The Music4Life Peace Initiative is a Rotary-inspired annual event that brings three or four young musicians from each of two traditionally antogonistic cultures to Seattle. The youngsters participate in a summer music camp program, learn that they can work together cooperatively through the inter-national language of music and then take those lessons home with them.

Others currently serving on the Music4Life Peace Initiative’s Advisory Board include Colleen Armstrong, retired Chief of staff of Seattle Opera; Narayan Baltzo, a life-affirming songwriter and musician; Admiral Bill Center, USN retired and a past president of the Seattle Downtown Rotary club; Endicott; Dr. Charles Evans, Captain US Public Health Service (retired) and a retired Seattle physician; Lisa Fox, an employment program manager and past president of University District Rotary; Yeva Ghazaryan, a music educator; and Spencer Lehmann, a retired long-term care insurance executive.

The Music4Life Peace Initiative is working with the Seattle Youth Symphony Orchestra to place the student-musicians at SYSO’s summertime Marrowstone youth music camp. Marrowstone is comprised of an intensive two-week program for older musicians at Western Washington University, as well as a less intense half-day program for younger musicians located in Seattle.  “Our intention is to work with young musicians whose attitudes and prejudices are not yet fully ingrained in them,” Endicott added.

The initiative is one activity of Music4Life, a four-year-old program to acquire musical instruments for low income young musicians in public schools.  The program began working with Seattle Public Schools and has recently been expanded to serve young musicians in the Highline School System.

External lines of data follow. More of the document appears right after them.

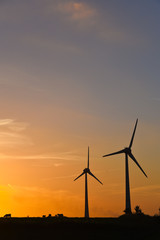 Obraz premium éoliennes vent energie ciel vert ecologie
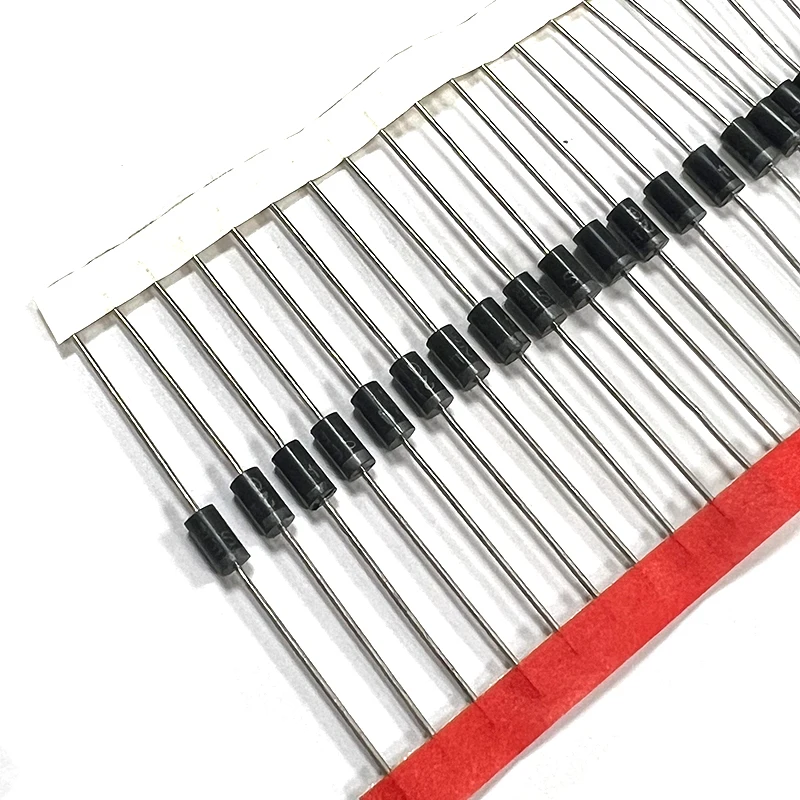 50pcs SF24 SF26 SF28 2A/200V 2A/400V 2A/600V SF14 SF16 SF18 Fast Recovery Diode Straight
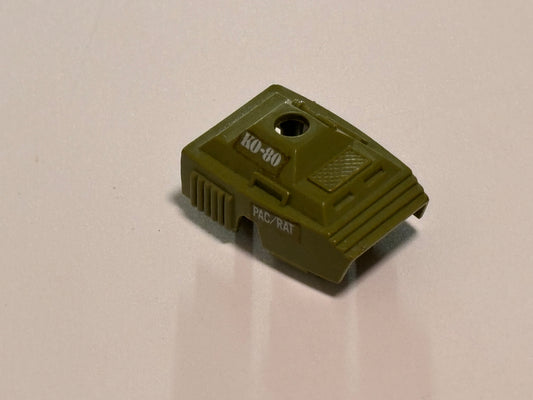 G.I. GI Joe 1983 PAC RAT Machine Gun Turret Top Part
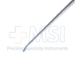 Microdissectomy Curette, Backward Angled, Size #2, Bayonet, Round Offset Gray Aluminum Handle, Overall Length 10" (254mm) Compares To Codman 47-5014 - 586125C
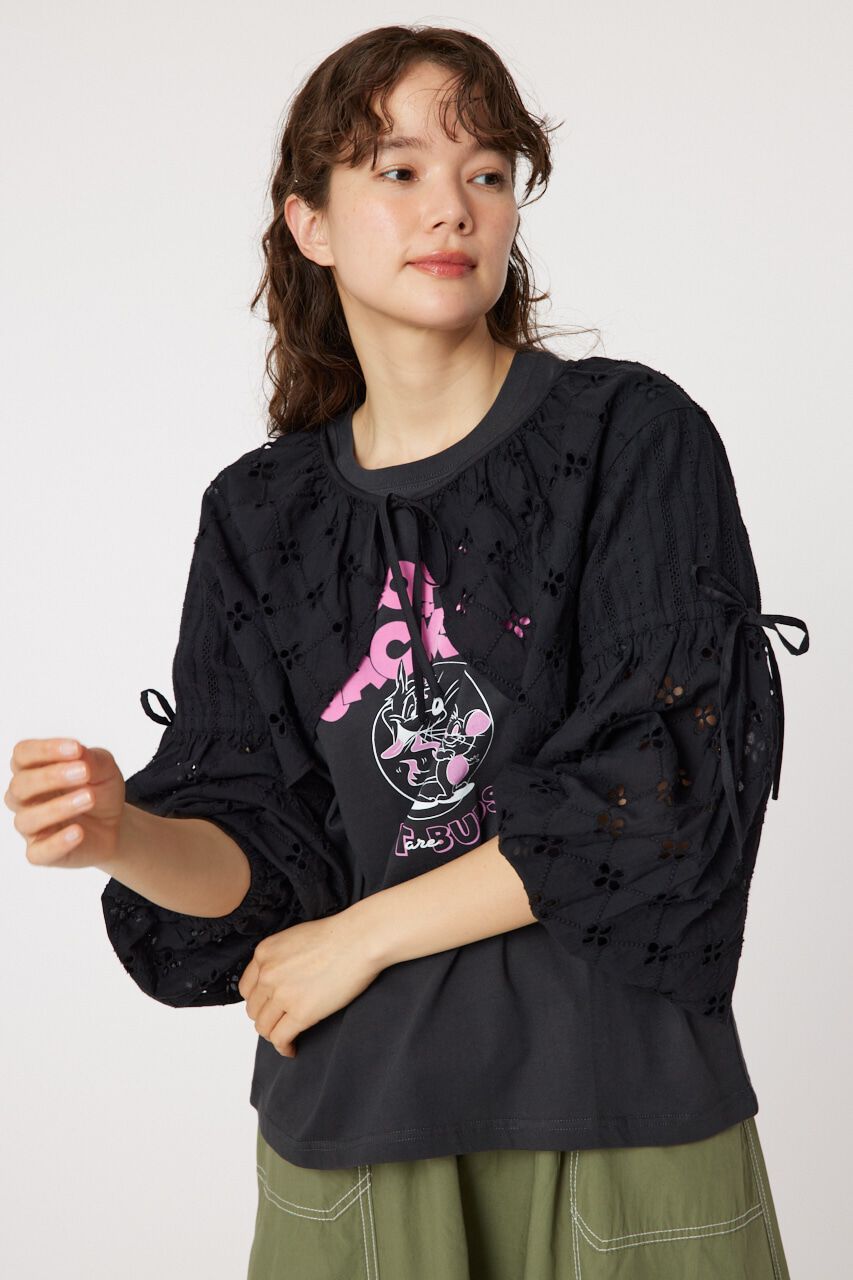 RODEO CROWNS「カットワークレースボレロ」|その他|BLK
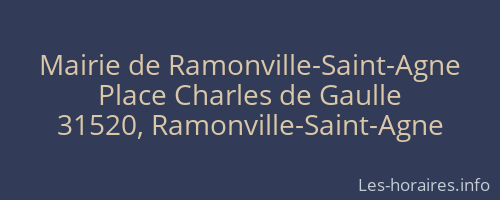 Mairie de Ramonville-Saint-Agne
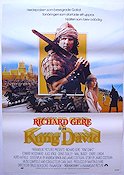 Kung David 1985 poster Richard Gere Svärd och sandal Religion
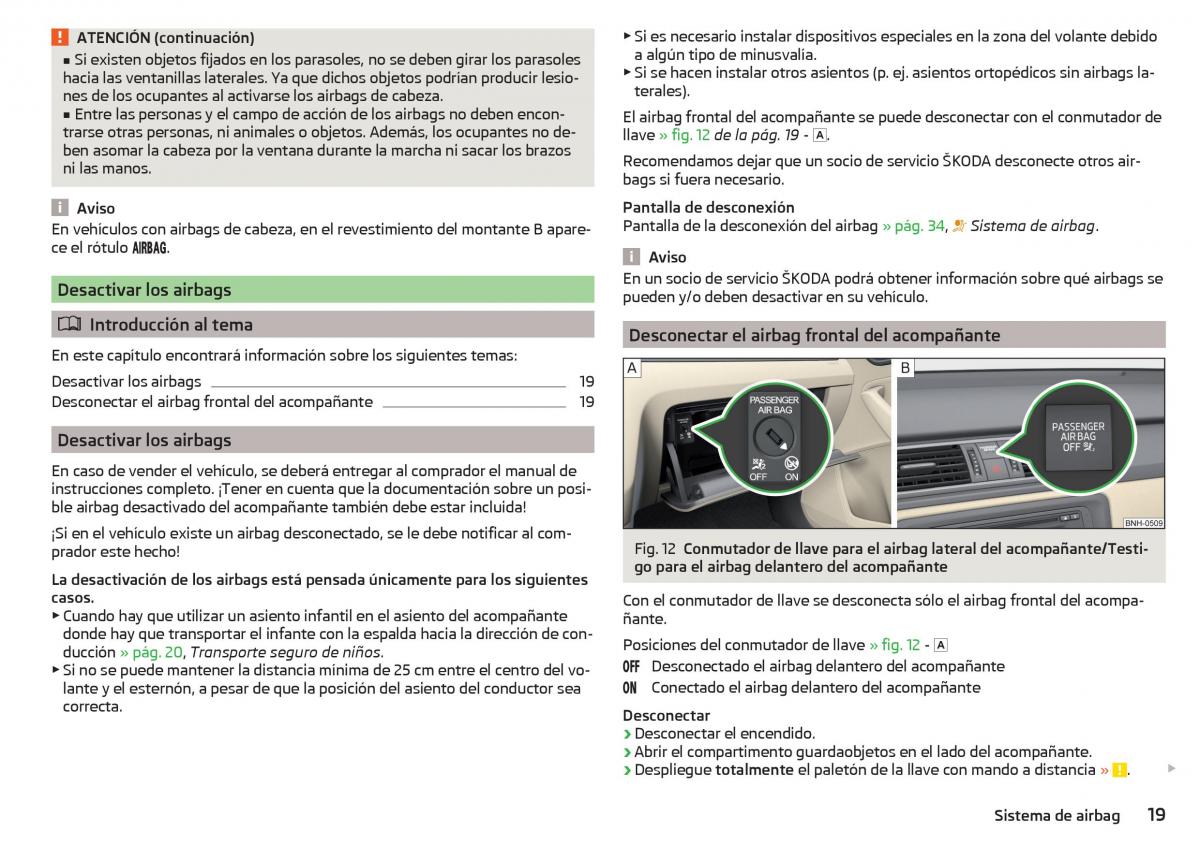 Skoda Rapid manual del propietario / page 21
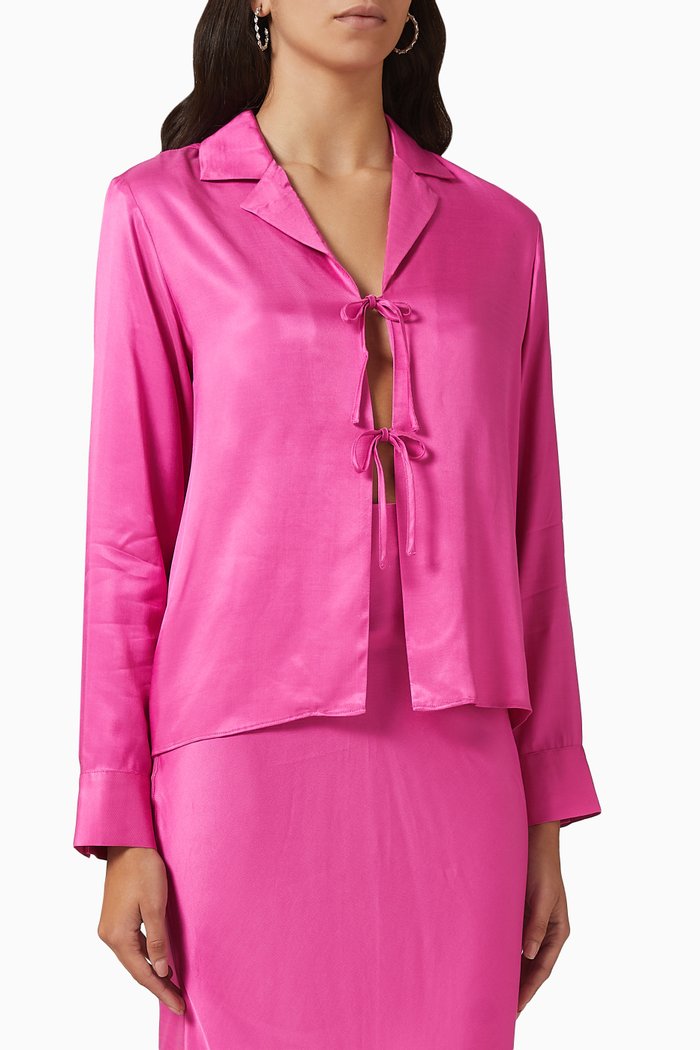 

Devon Top in EcoVero Viscose, Pink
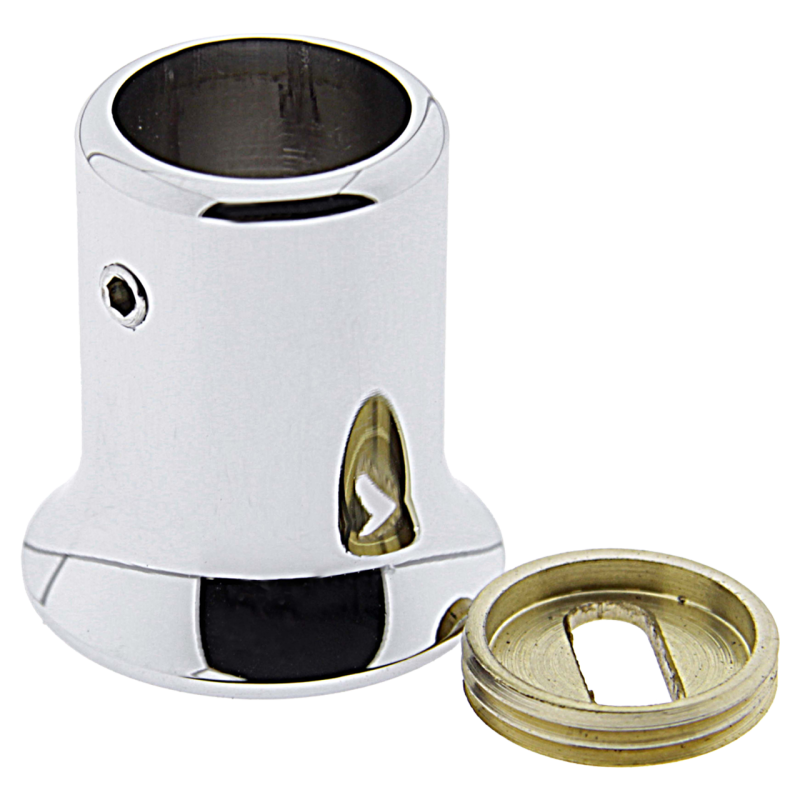 Кріплення до труби 19 мм до стіни сплав цинку хромований (КН07 ЦП)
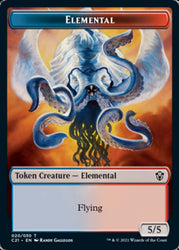 Elemental (020) // Copy Double-Sided Token [Commander 2021 Tokens] Magic: The Gathering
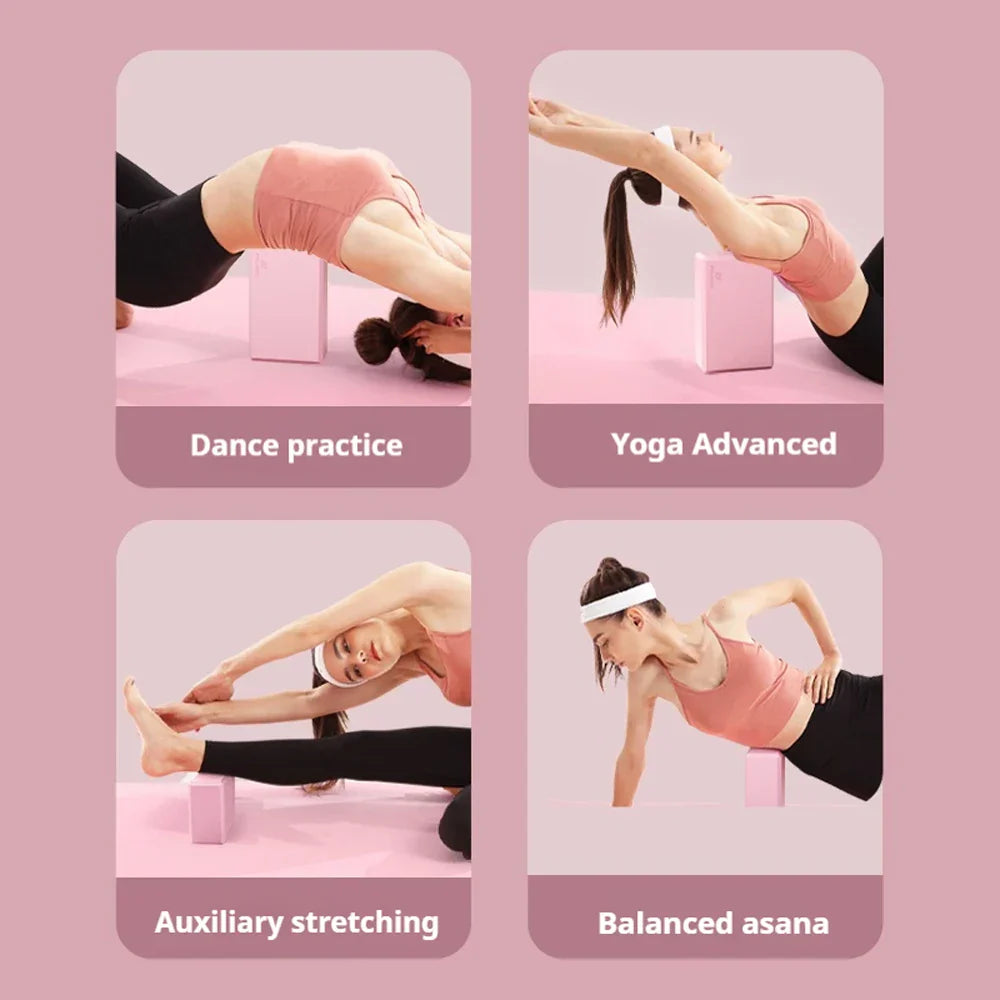 Two high-density foam yoga building blocks providing support and stability for fitness routines — view 4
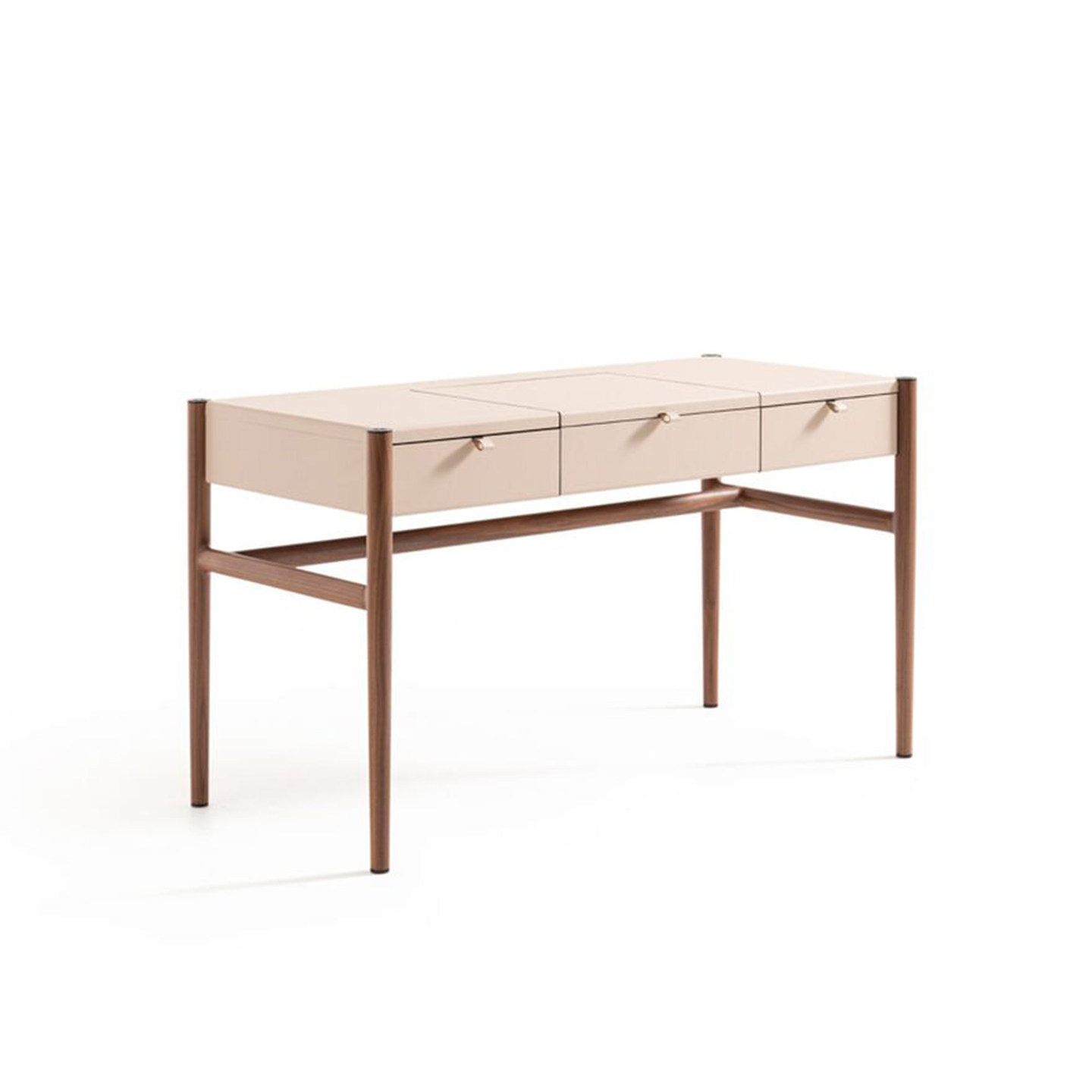 Velune Walnut Vanity Desk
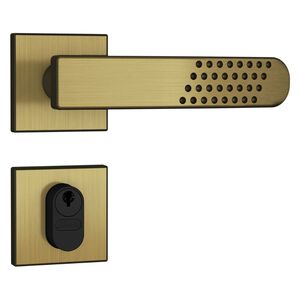 Fechadura Stam 803/21 Externa Acabamento Oxidado E-Coat - Roseta Quadrada 1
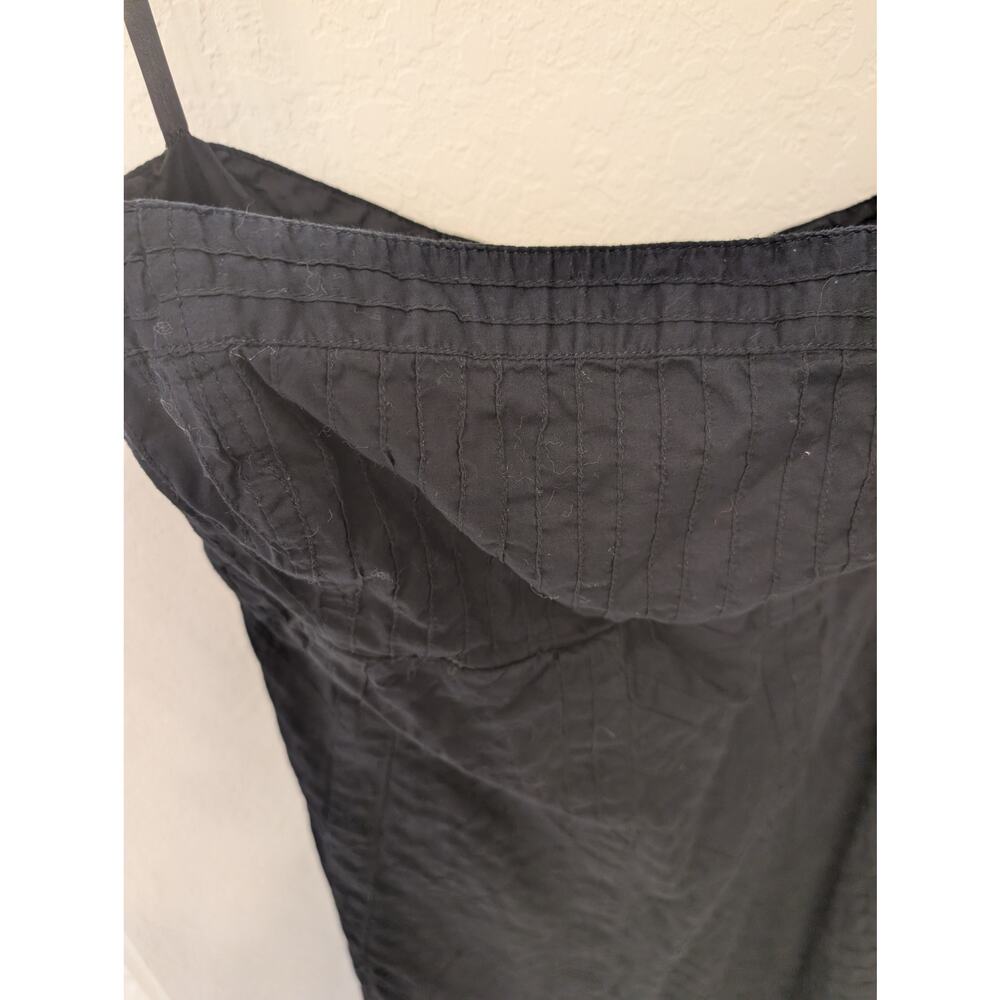 Gap pintuck design strapless Cotton black dress Y2K Sz 12 - Picture 3 of 9
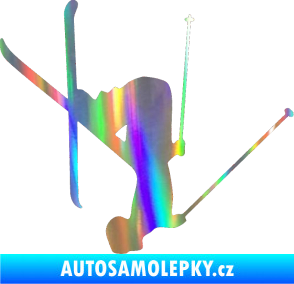 Samolepka Lyžař 023 pravá Holografická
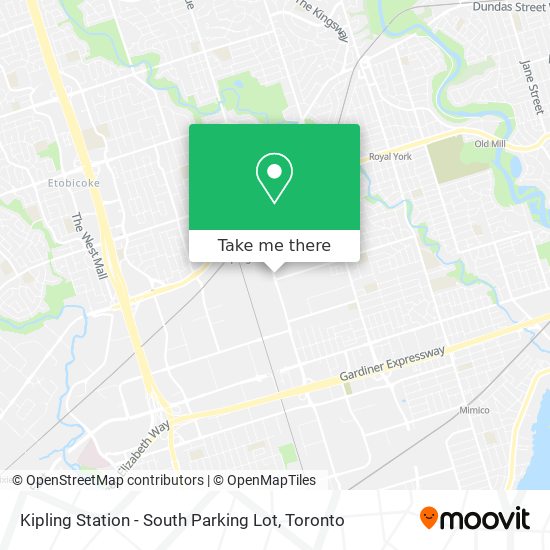 Kipling Station - South Parking Lot plan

Music4Life will receive the “Friend of Music” award by the Washington Music Educators Association next February at its biennial statewide conference in Yakima.

Although Music4Life is a Rotary-inspired program, Endicott is quick to point out that it is not necessary to be a member of a Rotary club to support it.

“All that is necessary is that a person understands the unique value that participation in instrumental music has in a young person’s total education.”